Seçim sonuçları değerlendirilecek olunursa, oy çoğunluğu açısından AKP birinci parti çıkmasına karşın, AKP’nin başarısından söz edilemez, bilakis faşist karakteri ve tüm kirliliklerinin eseri olarak uğradığı başarısızlık veya aldığı yenilgi alenen ortadadır. AKP açısından bu sonuç veya buna yaklaşık sonuç genel olarak önceden öngörülen bir akıbettir. Yaşamın gerçeği ile din afyonu karşı karşıya geldiğinde objektif gerçek ağır basacak, basmaktadır. Dahası aynı afyonu kullanan başka güçlerin devreye girmesiyle AKP’nin dayandığı dini ideolojik nüfuz parçalanarak zayıflayacaktır. Seçimi esasta kaybeden AKP elbette ki çatırdamaların göbeğine sürüklenecektir. Zaten çalkantılı-çelişkili ve patlamaya hazır bir yığın haline gelmiş olan AKP’nin zorlu bir sürecin içine gireceği muhtemeldir. Önümüzdeki dönem içinde bölünme dahil, ciddi problemler yaşayacağı söylenebilir. CHP de katliamcı faşist tarihinin yükünü taşımakla birlikte, bu gelenek ve tarihinden kopmayan sınıf karakterinin ürünü olarak en belirgin başarısızlığa imza atanların başında gelmektedir. Kılıçdaroğlu veya benzer hiçbir pansuman CHP’yi diriltmeye yetmedi, yetmeyecektir. AKP ve CHP’nin bundan sonra kemikleşmiş oylarıyla sınırlı kalacağı esas eğilimdir. Özellikle CHP miadını esasta doldurmuş ve silinmeye doğru evirilen rotadadır. Ancak AKP’nin başarısızlığından doğan boşluk, MHP’ye de CHP’ye de siyasi fonksiyon alanı doğurmaktadır. CHP’nin aldığı yenilgi sonrası büyük dağılmalar girdabına girmemesinin tek sebebi belki de bu fonksiyon veya bu olanaktır. Koalisyon kurma ihtimali olan CHP tüm başarısızlığına karşın etkili bir role geçebilir. Dolayısıyla yenilgisini gerçek zeminde analiz edip fatura çıkarmadan paçayı yırtma şansına sahiptir.

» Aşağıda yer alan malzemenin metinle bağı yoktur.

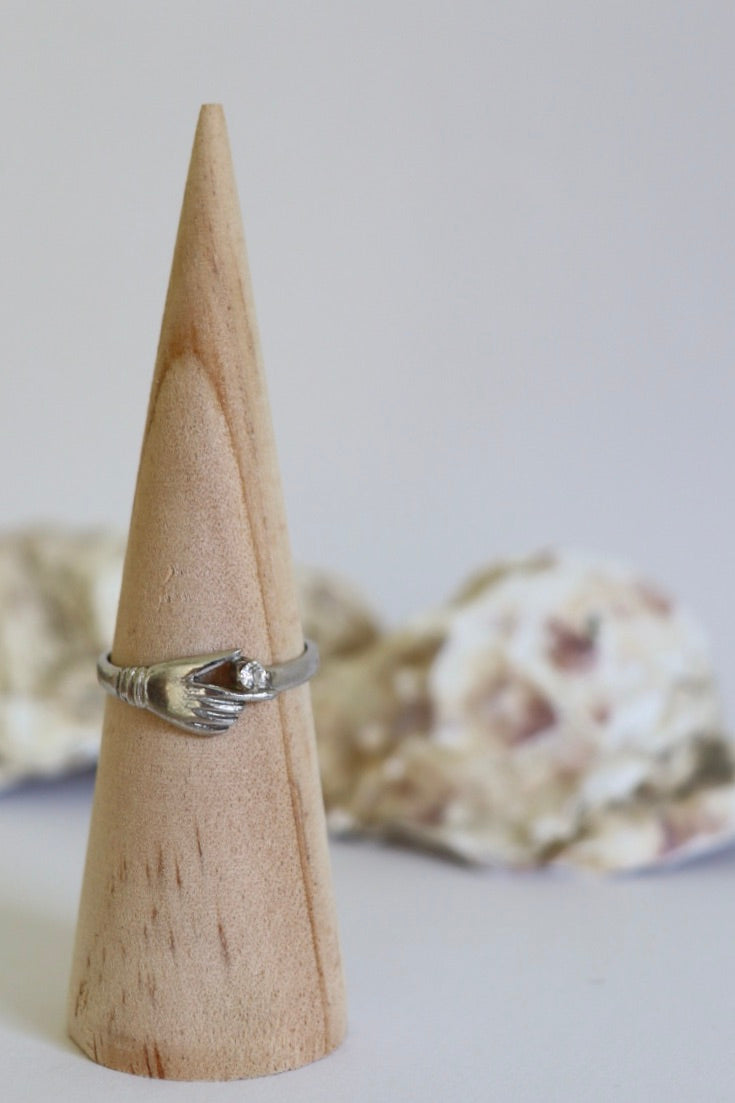 The St. Rita - vintage silver ring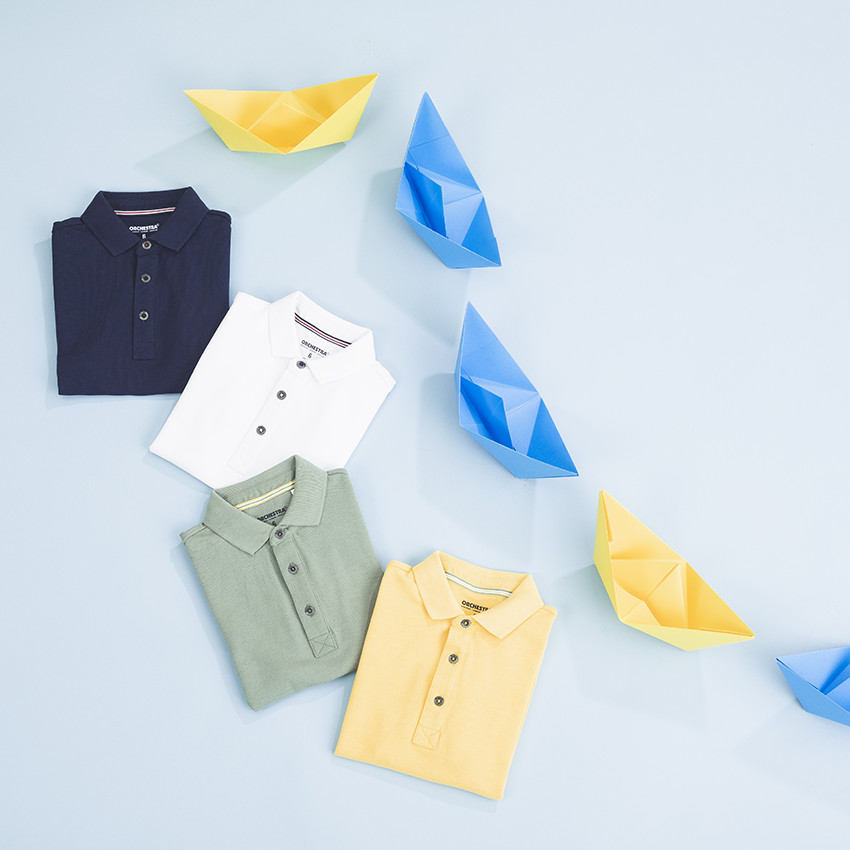 Polo manches courtes uni en coton bio 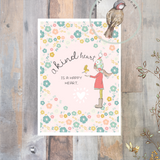 Little Print - A6 Size - A Kind Heart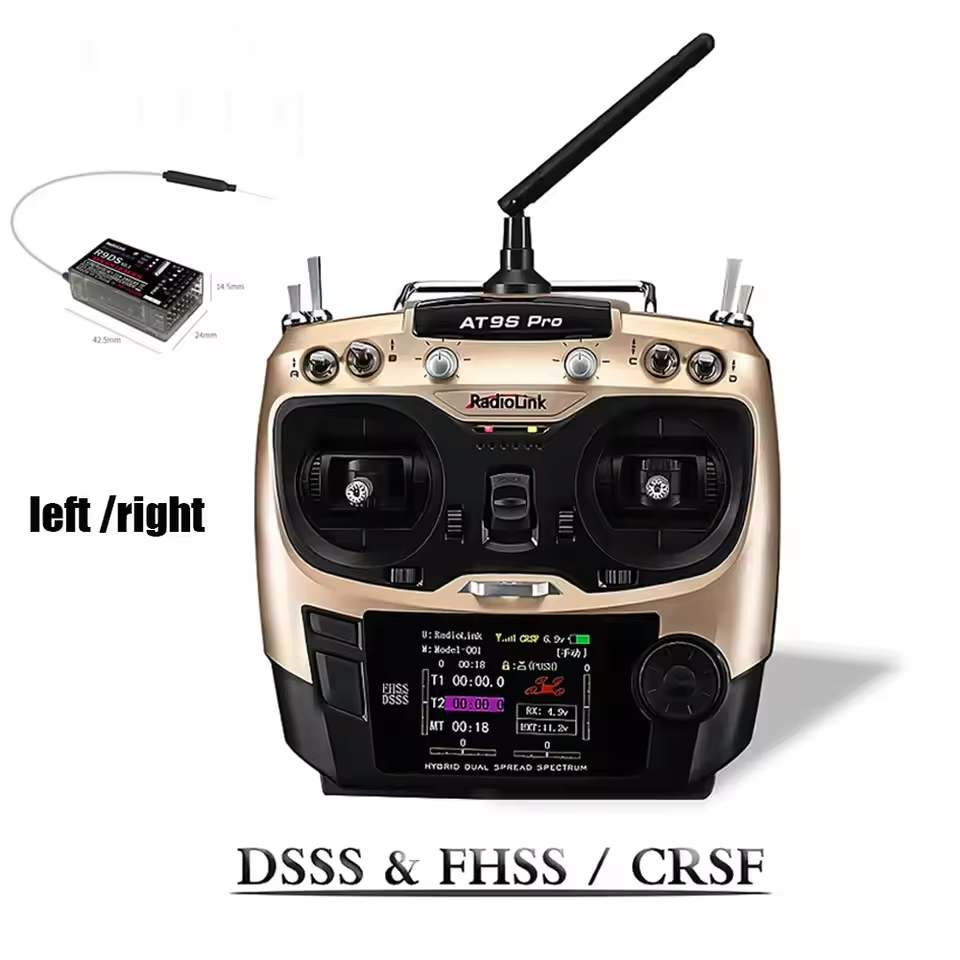 جهاز إرسال راديو Radiolink AT9 - مراجعة Drone Racing Transmitter وسعره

MHP, Türk ırkçı milliyetçiliğinin nispeten güçlü olduğu ölçüde güç statükosunu koruma olanağına sahiptir. Özellikle AKP ve diğerlerinin ideolojik dokuları ve siyasi amaçları zemininde körükleyip canlandırdığı ırkçı milliyetçilik adeta ve objektif olarak MHP’ye hizmet etmeleri anlamına gelmektedir, etmektedirler. MHP bu sayede oylarını belli sınırlarda olmak kaydıyla arttırabilmektedir. Nitekim bu seçim sonuçları bağlamında, yani oylarını arttırma anlamında MHP gelişme veya başarı sağlayan bir parti durumundadır. Bu başarı göreli de olsa, MHP’nin bu başarıdan moral kazanarak daha etkili bir performans ortaya koyması güçlü olarak olasıdır. Ne ki, hile, entrika, komplo ve her türlü kirliliğin geçerli olduğu burjuva dalaşta gelişmeler sıra dışı olup olağanın tersine gelişmelere de rahatlıkla evirilebiliyor. Dolayısıyla bütün bu belirlemelerin izafi olduğunu söylemek doğru olacaktır.

Bir ayrıntıya daha dikkat çekmek yararlı olacaktır. AKP’nin seçimlerde istediği sonucu elde edememesinde kuşkusuz ki gerçek zemin AKP’nin uyguladığı faşist baskı ve sömürü diktatörlüğünün daha derinleşme rotasıyla ilerleyip talan ve yolsuzluklarla ünlenmesi, toplumsal yaşamı Sünni-İslam yaşam kıstaslarına göre biçimlendirme adımları ve muazzam baskıya dayalı faşist diktatörlüğün tek adam diktatörlüğü biçiminin garantiye alınması için başkanlık sistemi yönelimiyle ortaya koyduğu faşist saldırganlık ve karanlık gelecek realitesidir. Fakat bu esas temel ile birlikte demokratik ve sosyalist güçleri ile ulusal hareketin gerçekleştirdiği ittifak tayin edici bir rol oynamıştır denebilir. Daha basit nedenlerde de seçim güvenliğine dayalı olarak, oyların çalınmasının, sonuçları değiştirecek düzeyde büyük hilelerin yapılmasının önüne geçmek için muhalefet vb. tarafından alınan önlemler de etken olmuştur. Zira AKP’nin oy çalarak, hilelere başvurarak seçim sonuçlarını etkileyerek sonuçları lehine çevirdiği önceki seçimlerden de bilinen bir gerçektir. Bu seçimde de kuşkusuz ki benzer şeyler yapıldı ama alınan önlemler bu hileleri minimize ederek etkisizleştirdiğini söylemek mümkündür.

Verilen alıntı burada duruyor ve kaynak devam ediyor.